There have been arguments within the Brotherhood over strategy and tactics ever since its creation. But the discord worsened after Abdel-Fattah al-Sisi, then a general, toppled Egypt’s first democratically elected government, led by the Brotherhood, in 2013. Mr Sisi, who is now president, imprisoned many of the group’s members. Others went into hiding or fled abroad. Disagreements sprang up over how to respond to the repression.

Today the priority for the rank and file, according to several members, is getting the Egyptian detainees out of prison. But their efforts have been stymied because a new rift has emerged between members of the old guard over who should lead the Brotherhood. On one side is Ibrahim Mounir, who succeeded Mahmoud Ezzat as acting supreme guide after the latter was captured in Egypt last year.

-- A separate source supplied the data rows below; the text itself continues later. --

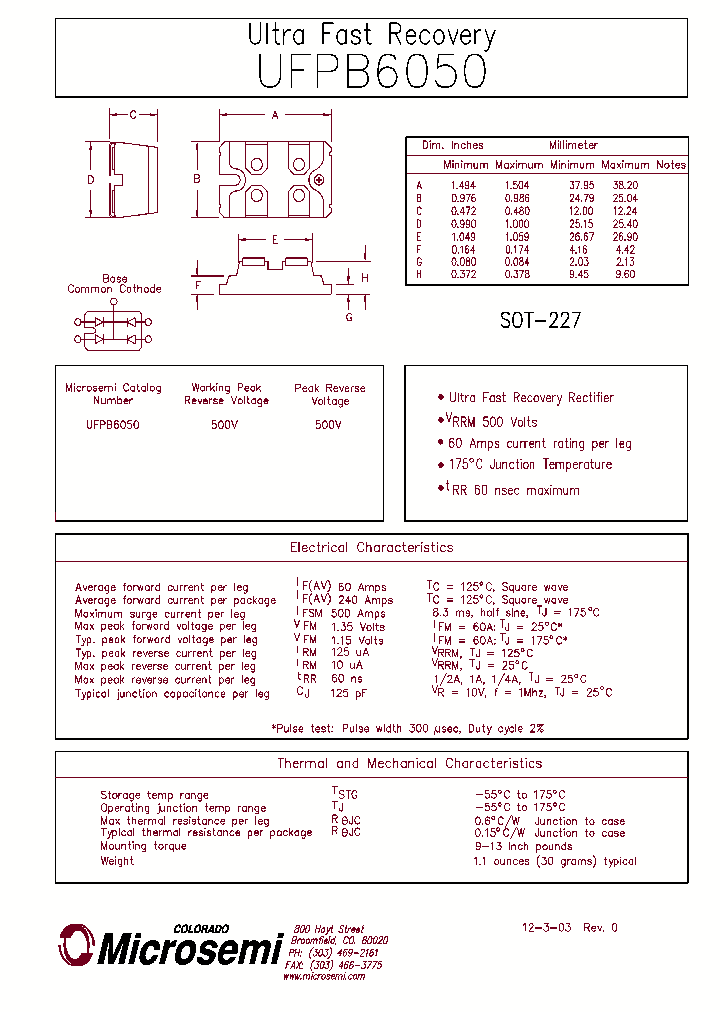 UFPB6050_5511765.PDF Datasheet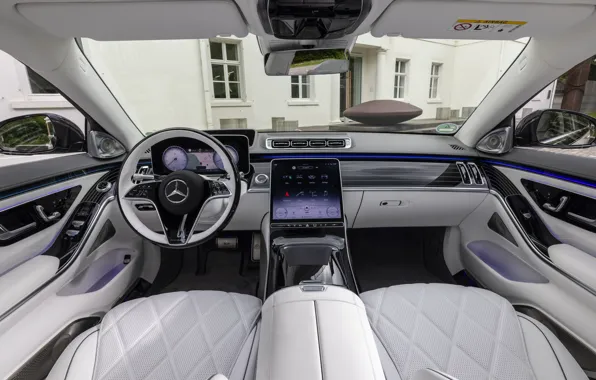 Picture Mercedes-Benz, Mercedes, Maybach, S-Class, car interior, Mercedes-Maybach S 680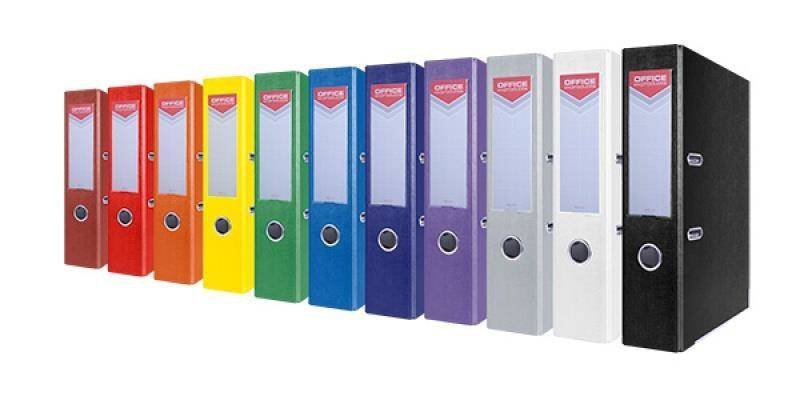 SEGREGATOR A4 PP OFFICE PRODUCTS OFFICER Z SZYNĄ 75MM CZARNY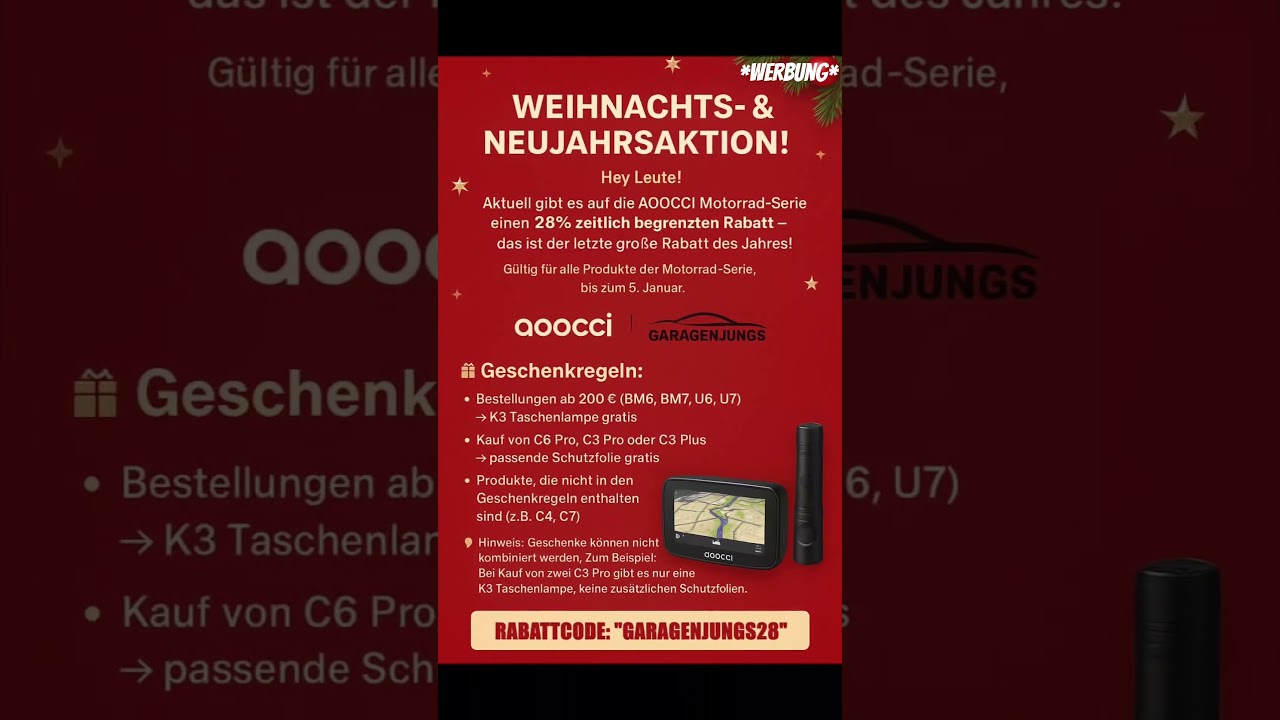 28% Weihnachtsrabatt Aoocci Weihnachtsgeschenke Motorrad Navigation 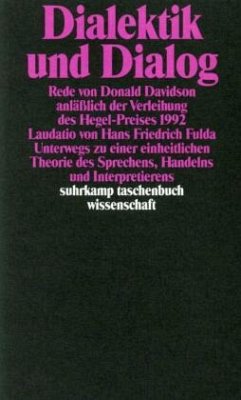 Dialektik und Dialog - Davidson, Donald;Fulda, Hans Fr.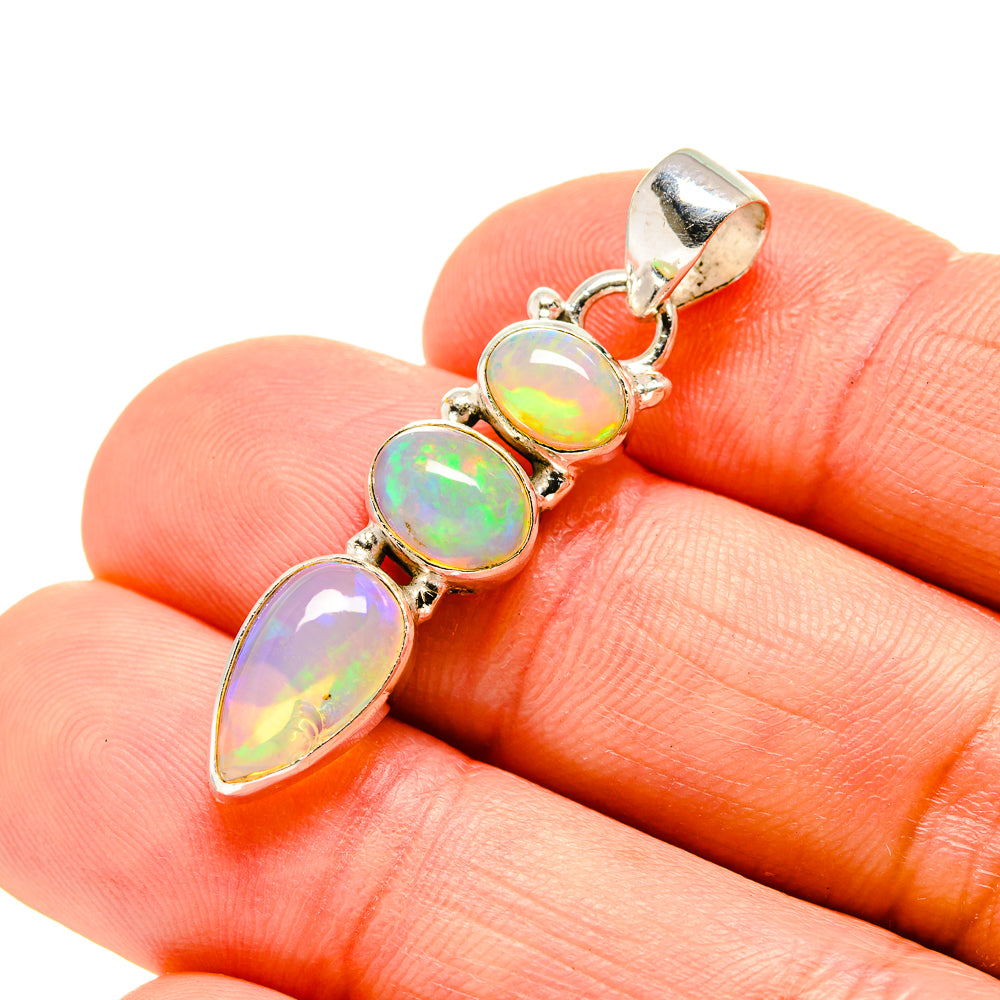 Ethiopian Opal Pendants handcrafted by Ana Silver Co - PD754131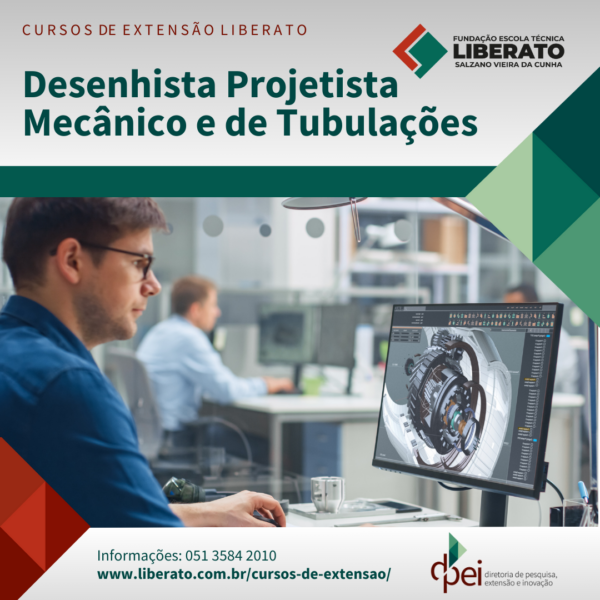 Formação Desenhista Projetista Mecânico e de Tubulações – 12 horas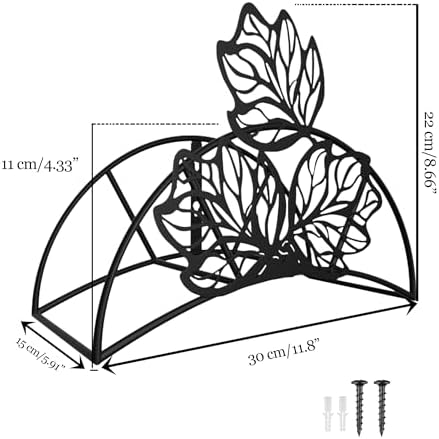 Monstera Leaf Garden Hose Holder Wall Mount Heavy Duty Hose Hanger125'5/8" - Image 6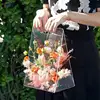 Handbags Vase Handheld Vase Acrylic Flower Basket High-End Transparent Floral Arrangement Clear Modern Decorative Vase For 4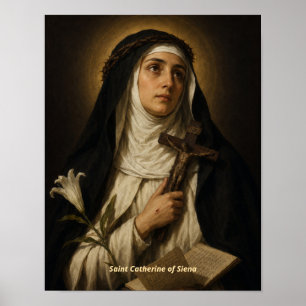 Impression d'art de Sainte Catherine de Sienne
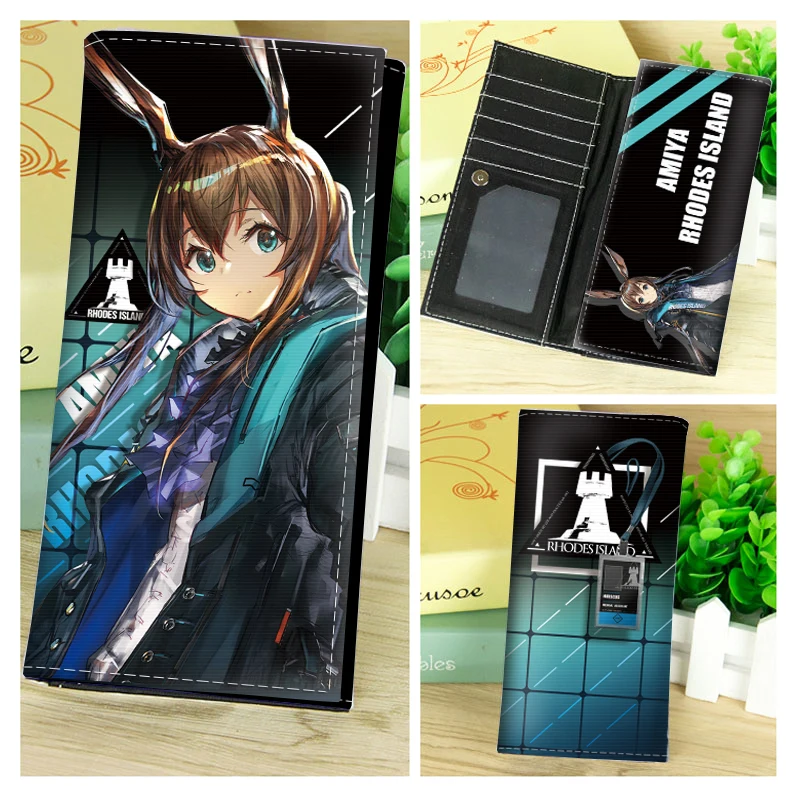 

Короткий и длинный складной кошелек с рисунком аниме arknight Amiya Exusiai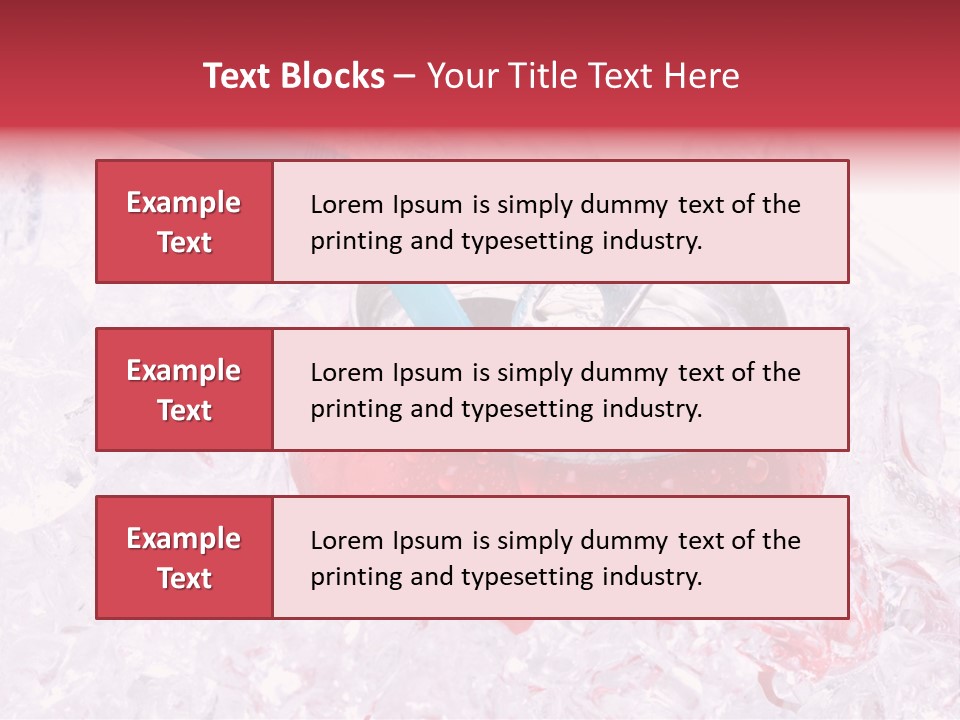 Beverage Droplets Close Up PowerPoint Template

Mr Mounir, who lives in London, oversees the Brotherhood’s international network and has good relations with foreign governments. But Mr Hussein, who lives in Istanbul, controls the Brother hood’s website and its bank accounts, and has the keys to its Istanbul-based television network, Watan. Critics accuse him of ousting rivals and cutting payments to the families of detainees. “He treats the Brotherhood as his possession,” says Azzam Tamimi, an Islamist thinker in Jordan.

The unusually public dispute, involving smear campaigns on both sides, has thrown the Brotherhood into turmoil at a time when Sunni Islamists are struggling across the Arab world. Elections in Iraq and Morocco swept them out of government, while strongmen in Tunisia and Sudan pushed them from power. Qatar and Islamist-led Turkey have offered exiled Brothers refuge and supported the group as a way to project influence. But these countries now have other priorities.

This article appeared in the Middle East & Africa section of the print edition under the headline "Fratricidal tendencies"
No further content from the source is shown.